Nearly two-thirds of top car manufacturers are facing ‘massive’ CO2 fines, according to new research.
A PA Consulting study due to be released today has found that eight out of 13 of the major brands selling in Europe are on course to fail new emissions standards to be imposed from 2021, amid warnings they have been too slow to develop cleaner, alternatively fuelled vehicles.
Manufacturers have a set target to hit by then, with the Europe-wide goal of an average of 95g/km of CO2. Firms face a 95 euro (circa £85) fine for every gram of carbon dioxide by which they exceed its personalised limits, multiplied by the number of cars produced by the manufacturer and registered in the EU in the previous year.
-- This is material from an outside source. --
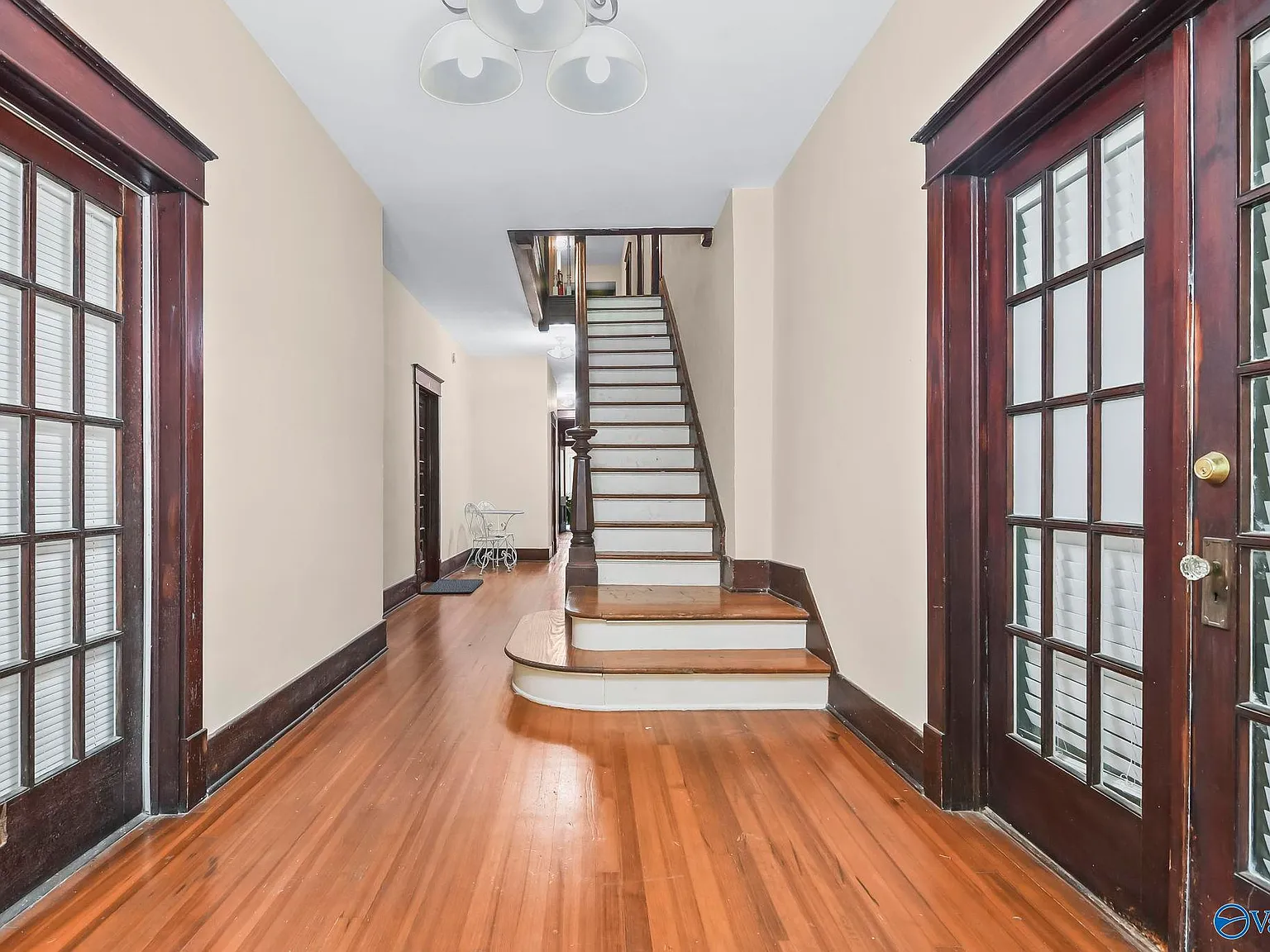 1 bed, 1.0 bath, 825 sqft, $1,350 — Photo 4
The research says Fiat-Chrysler, Groupe PSA, Hyundai, BMW, Ford, Volkswagen, Mazda and Daimler are all at risk of failing to hit the target. The consultancy also claims that VW would be hit with the biggest fine of up to 1.4 billion euros (circa £1.2bn), while Groupe PSA is at risk of a 600 million euro (circa £535.2m) penalty.
New figures from the Society of Motor Manufacturers & Traders (SMMT) show a decline in the number of electrified vehicles sold in the UK this year, with year-to-date figures down by 6.9 per cent at the end of November compared with the same period in 2017.
An SMMT spokeswoman said: “We need policies that encourage rather than confuse, which means a consistent approach to incentives and tax, and greater investment in charging infrastructure.”